Some people view gold as a relic, a thing of kings, pirates, and myth. It does not produce income, sits in vaults, and adorns the necks and wrists of the wealthy.

But this too is just myth.

In fact, as a financial asset, gold’s value has shone over time with periods of exceptional performance, one of which may be occurring now.

Today’s infographic comes to us from Sprott Physical Gold Trust and outlines the history of the price of gold from 1915 to 2020 and three bull markets or “Golden bulls” since 1969, using monthly data from the London Bullion Market Association.

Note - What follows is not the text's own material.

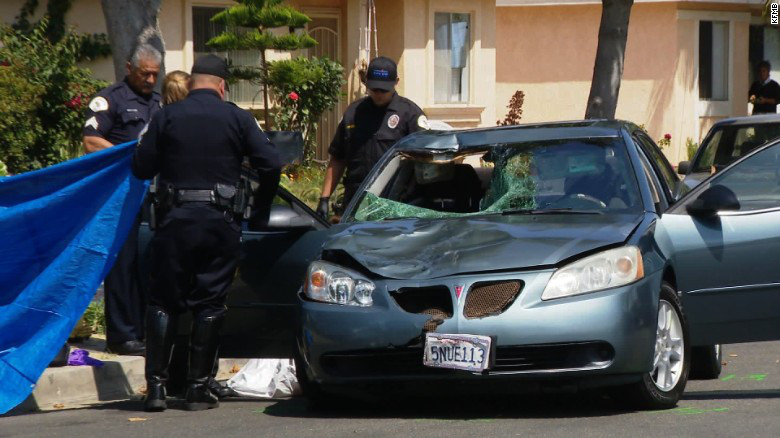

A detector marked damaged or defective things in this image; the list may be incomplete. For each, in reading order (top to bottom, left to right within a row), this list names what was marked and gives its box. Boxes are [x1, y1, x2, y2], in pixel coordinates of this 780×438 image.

crushed car roof [396, 120, 628, 153]
shattered windshield [352, 138, 640, 221]
dented car hood [320, 213, 644, 280]
damaged silver sedan [290, 118, 780, 408]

But first a little history…

The Gold Standard

*All figures are in USD

During the early days of the American Republic, the U.S. used the British gold standard to set the price of its currency. In 1791, it established the price of gold at $19.75 per ounce but also allowed redemption in silver. In 1834, it raised the price of gold to $20.67 per ounce. The price of gold would retain a nominal value through depressions, civil wars, and wars.

However, $20 today is not the same as $20 in the past. The U.S. dollar may have been convertible at a set price, but the amount of goods that it could buy varies year to year based on inflation. So for example from 1934 to 1938, one ounce of gold would cost $34, but $34 today would purchase a small fraction of an ounce of gold.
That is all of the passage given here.